____ Records for processing

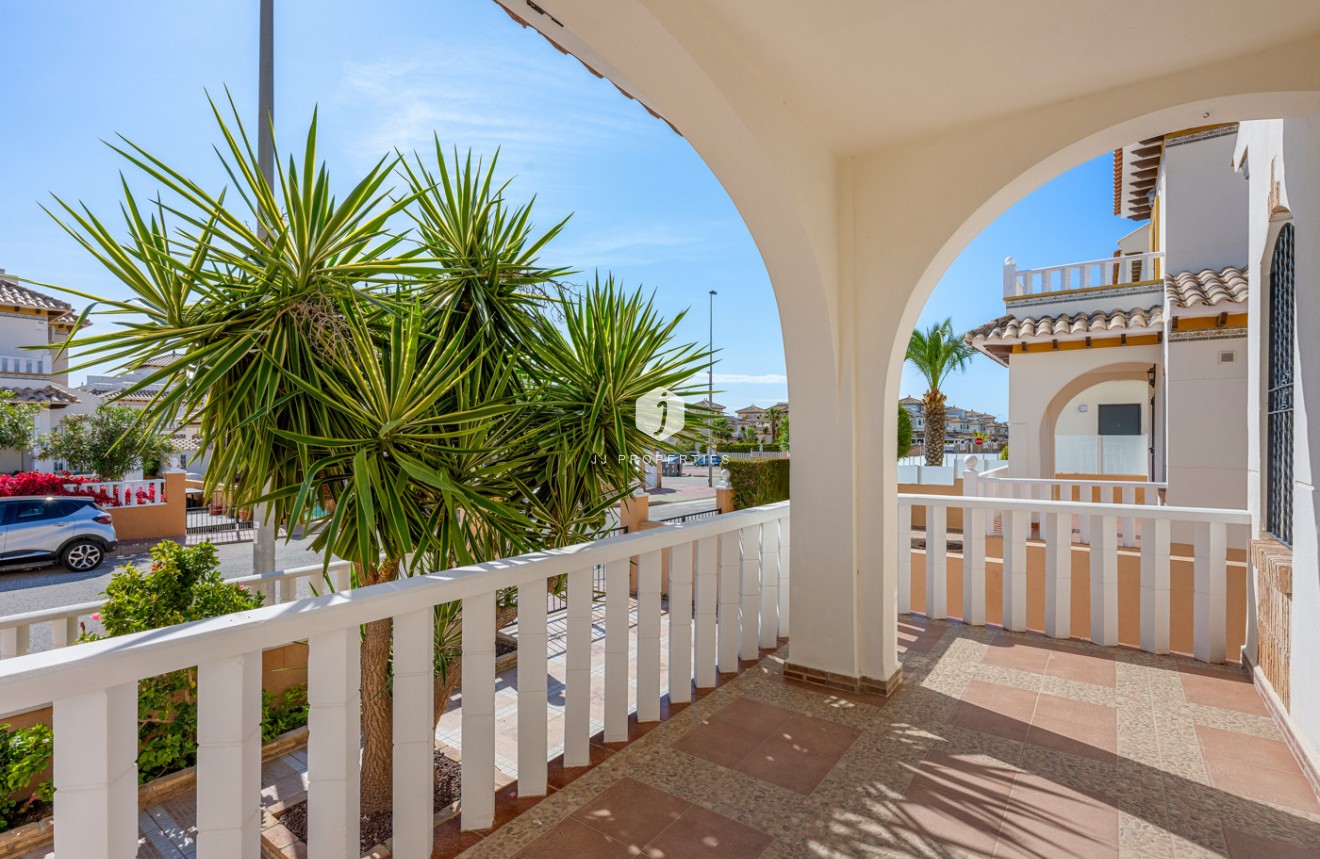 Resale - Chalet -
Cabo Roig - Costa Blanca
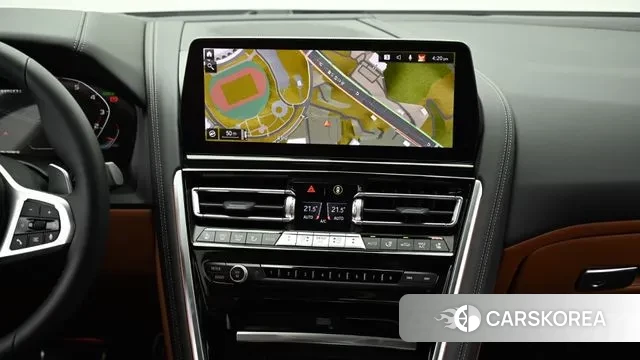 BMW 8 Series (G15) 2023 Белый из Кореи, фото 5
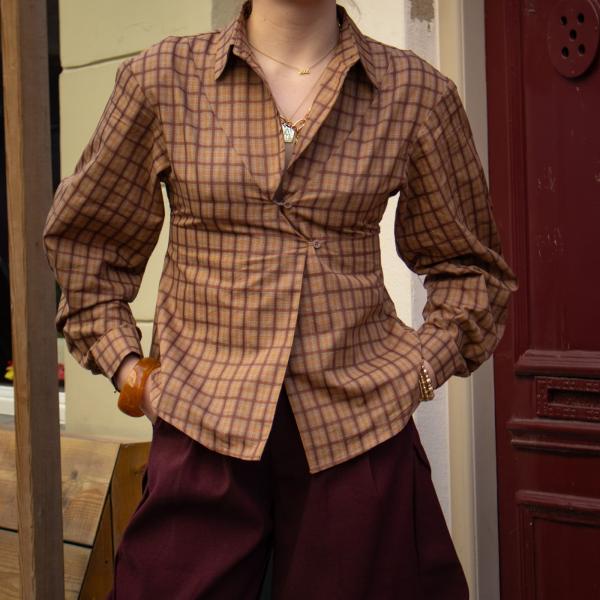 H13163_balloon_shirt_bruin_ruit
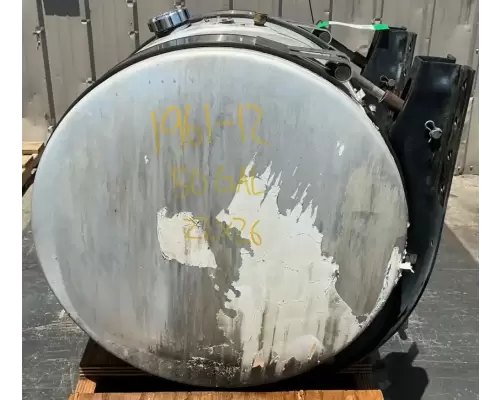 Mack CXU613 Fuel Tank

________

Instructions to follow —
Retype, word for word, only the line holding "H13163_balloon_shirt_bruin_ruit" and the lines after it through the final line of the listing above, and leave every picture out.

Answer section —
 H13163_balloon_shirt_bruin_ruit
 Mack CXU613 Fuel Tank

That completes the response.